Same with semi join.

Aggregate

Just read the NDV information from the statsInfo to decide the row count after aggregate. If there's index can fully match the group-by items, we will just use its NDV. Otherwise we will multiply the ndv of each column(or index that can match part of the group-by item).

If some of the group-by items are also in the select field, we will create new histograms by modifying the totalCnt of each bucket(set it the same with NDV).

Sort

We can just copy children's statsInfo without doing any change, since the data distribution is not changed.

Limit

Currently we won't maintain histogram information for it. But it can be considered in the future.

DataSource

Our DataSource is actually source of data + select. So if it’s a non-partitioned table, we just maintain the map and do what Select does. If it’s a partitioned table, we now only store the statistics of each partition. So we need to merge them into one histogram so the upper plan can use it. We need a cache or something else to ensure that we won’t merge them each time we need it.

Others

For other plan operators or DataSource which do not contain any histogram, we just use the original way to maintain statsInfo. We won’t maintain histograms for them.

Rationale

How other systems solve the same issue?

I’ve looked into Spark. They only maintain the max and min values, won't create new histogram after Select/Join/Aggregate. And they don’t have the index, so maintaining the column’s max/min value is much easier to solve comparing with us.
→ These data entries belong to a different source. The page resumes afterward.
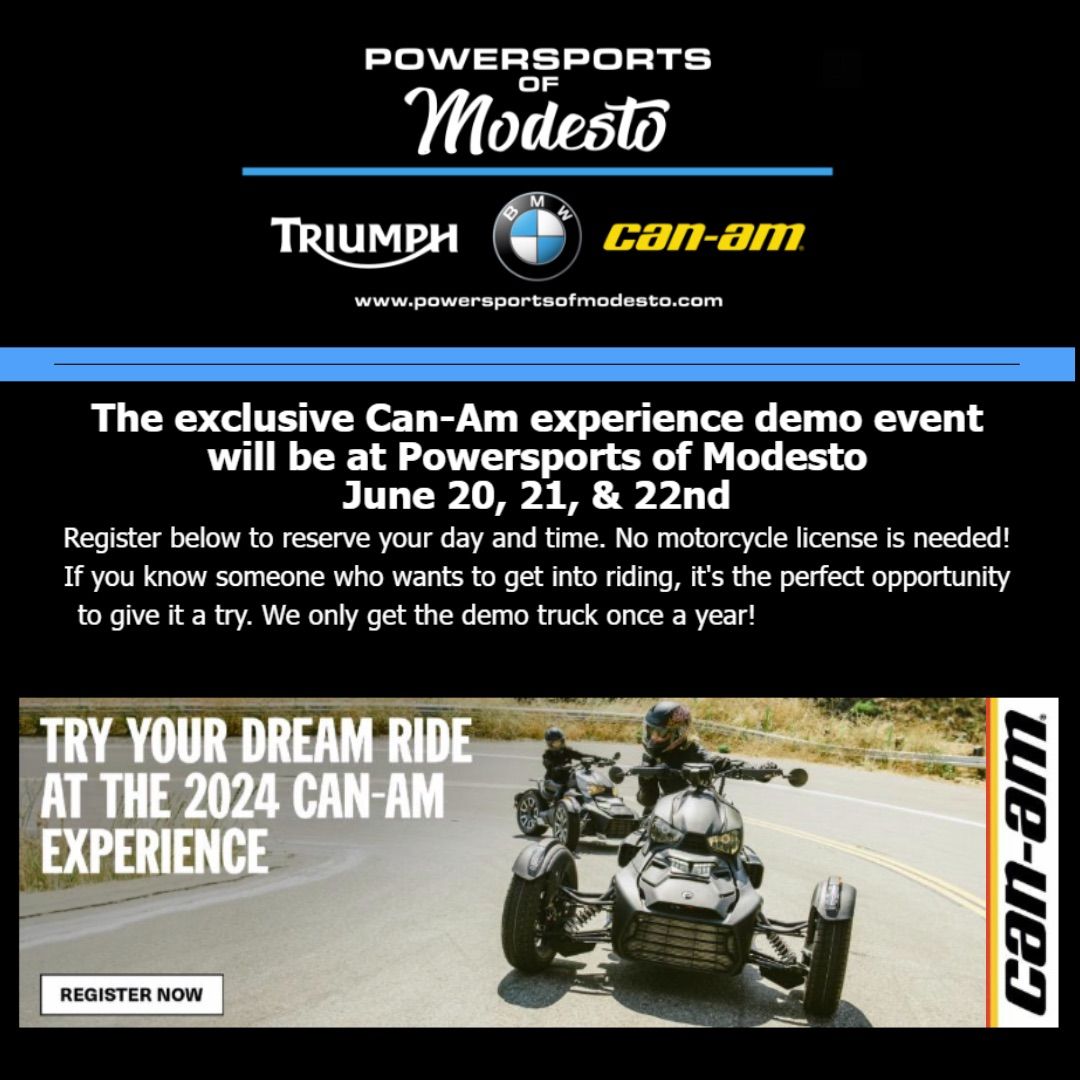 Can Am Demo Experience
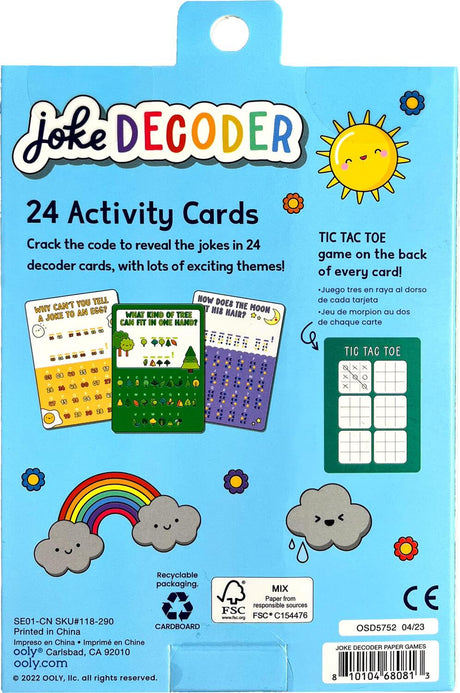 Paper Games: Joke Decoder Activity Cards - Set of 24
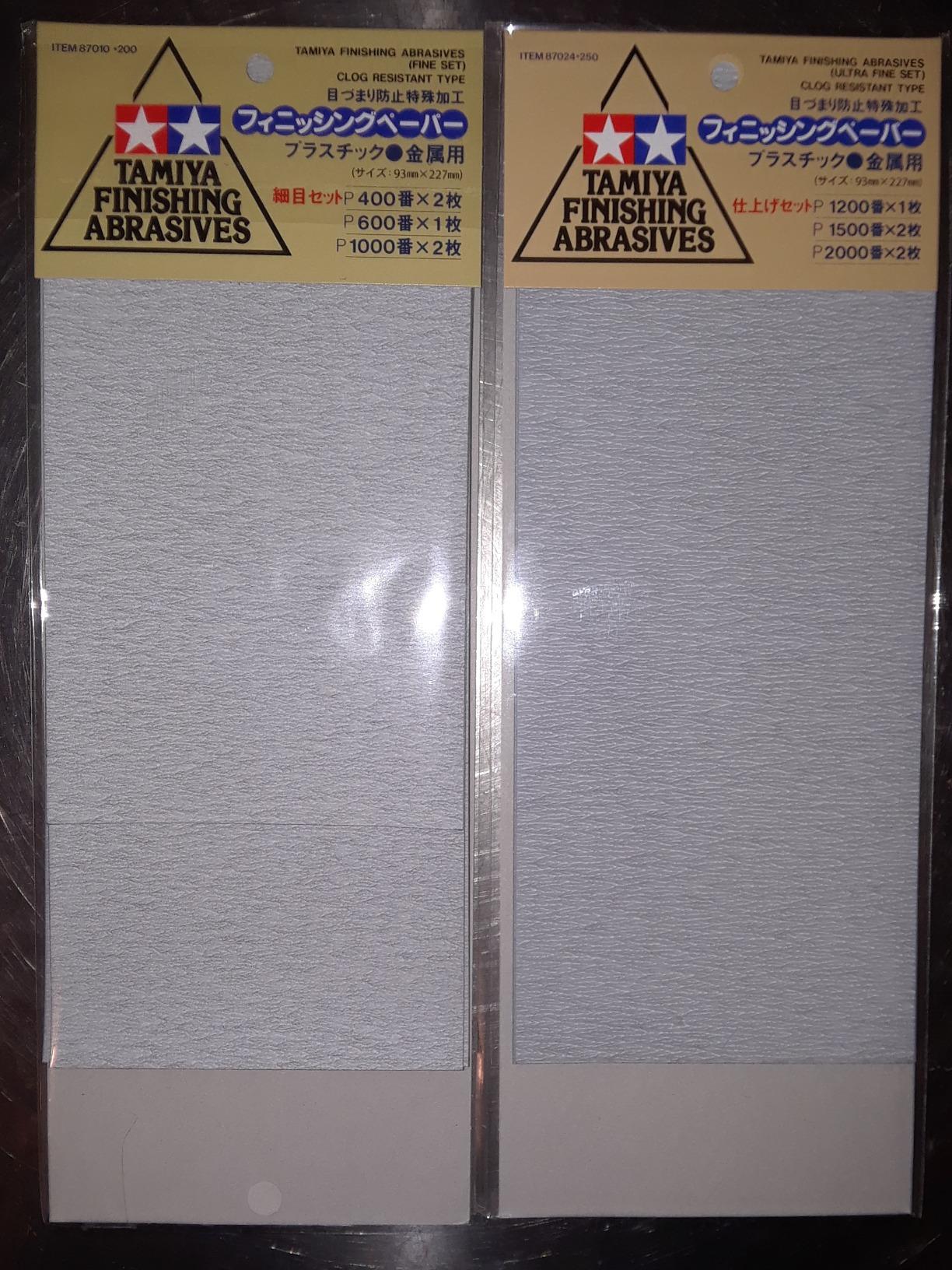 Tamiya Finishing Abrasives 2-Type Sets [Fine and Ultra-fine] customer photo 2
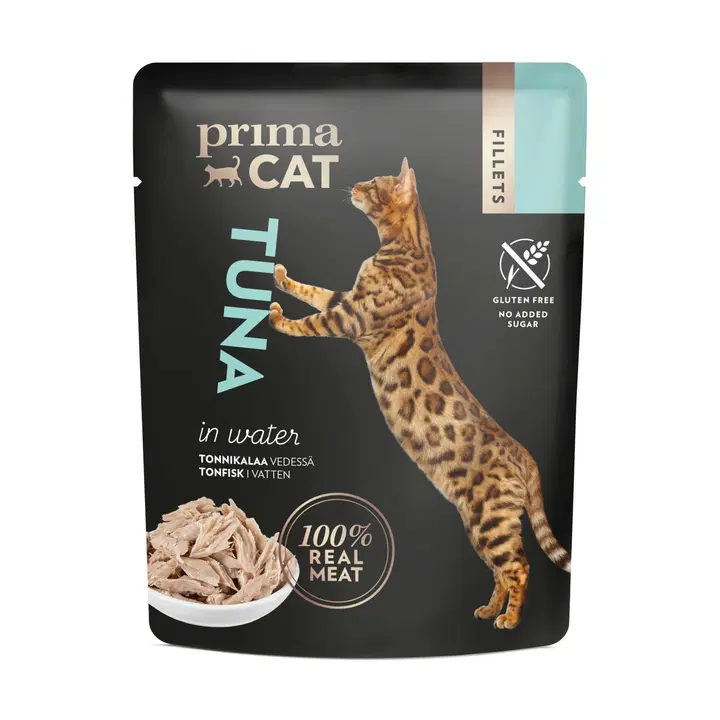 Prima Cat täissööt kassidele tuunikalaga, 50g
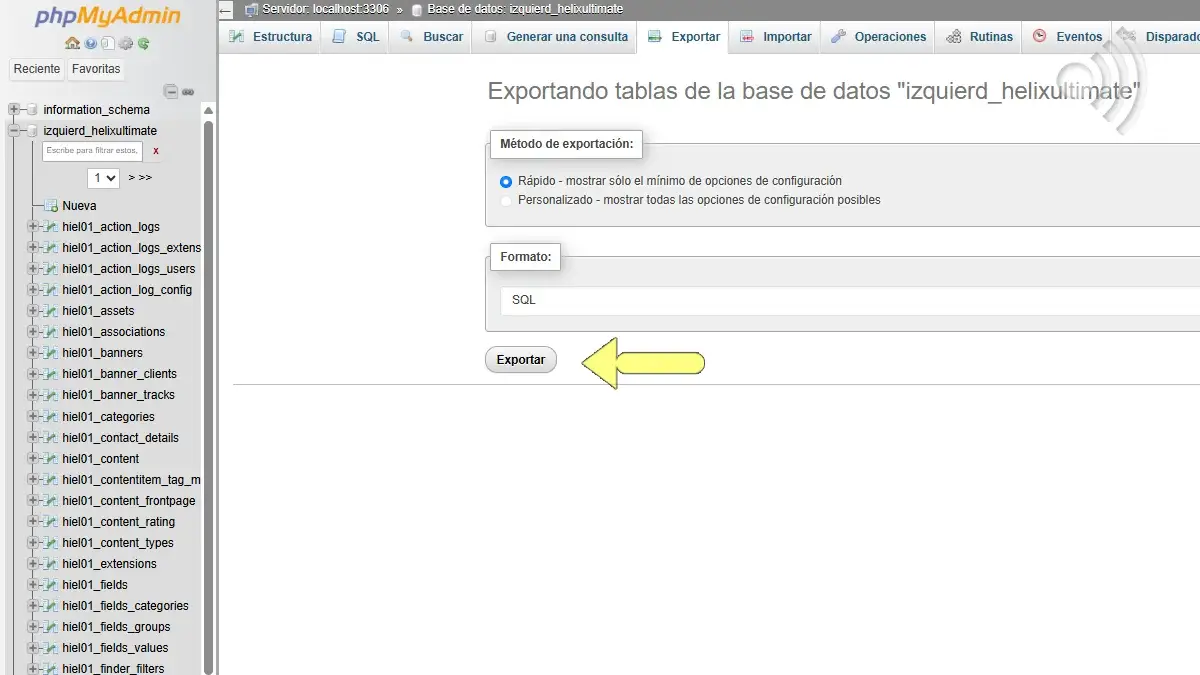 Click Exportar Click Exportar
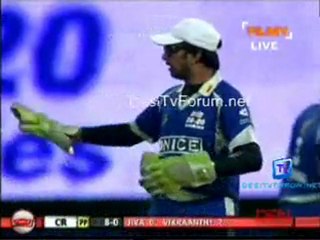 Karnataka Bulldozers vs Chennai Rhinos-Chennai Inning Ov-01-02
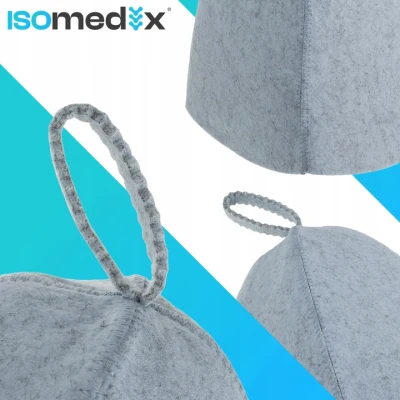 Isomedix 26455 Plstěná saunová čepice, šedá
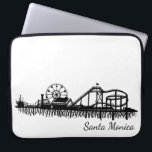 California Santa Monica CA Pier Beach Ferris Wheel Laptop Sleeve<br><div class="desc">Design features an original pen-and-ink illustration of the Santa Monica Pier in Santa Monica,  California. Coordinating designs available.

Don't see what you're looking for? Need help with customisation? Click "rebeccaheartsny" (upper right corner) then "contact this designer" to have something created just for you!</div>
As for Orca and Calcite, I haven’t discovered where they maintain this information. But there’s something about statistics in Orca’s paper. According to the paper, I think they construct new histograms during planning and cache it to avoid building too many times.

What is the disadvantage of this design?

This may have side effects on OLTP performance. (Currently totally changing a histogram whose number of bucket is 256 and content is int value costs 7000ns. So we can create 143 histograms at 1ms currently)

For now, only join reorder and the position after logical optimize before physical optimize will trigger this mechanism and it’s controlled by tidb_optimizer_selectivity_level which is disabled by default. It will opened by default after we test it carefully.

After we switch to the cascade-like planner, the rule that needs cost to make decision is still a small set of all. And the existence of Group can also help us. If we lazily construct the statsInfo, this may not be the bottleneck.

And thanks to predicate push down and some other optimization rules. The single column(column directly from the DataSource not one the generated by Project's complex Expr) filters(Only this type of expression can be calculated to range information) can be all pushed down to the DataSource or the Selection on the DataSource. So simple querys won't create many new histograms.

What is the impact of not doing this?

Many cases reported by our customer already prove that we need more accurate statistics to choose a better join order and a proper join algorithm. Only maintaining a number about row count and a slice about NDV is not enough for making that decision.

If we don’t do this, we cannot fix some cases except we use hints.

Compatibility

There’s no compatibility issue.

Implementation

First, maintain the histogram in DataSource. In this step, there will be some changes in the statistics package to make it work. It may take a little long time to do this. PR#7385

Then, all changes will be things inside statsInfo, which won’t affect other parts. It may not take too much time to implement this part. Like PR#7595

The future work will depend on the benchmark result of the join reorder algorithm.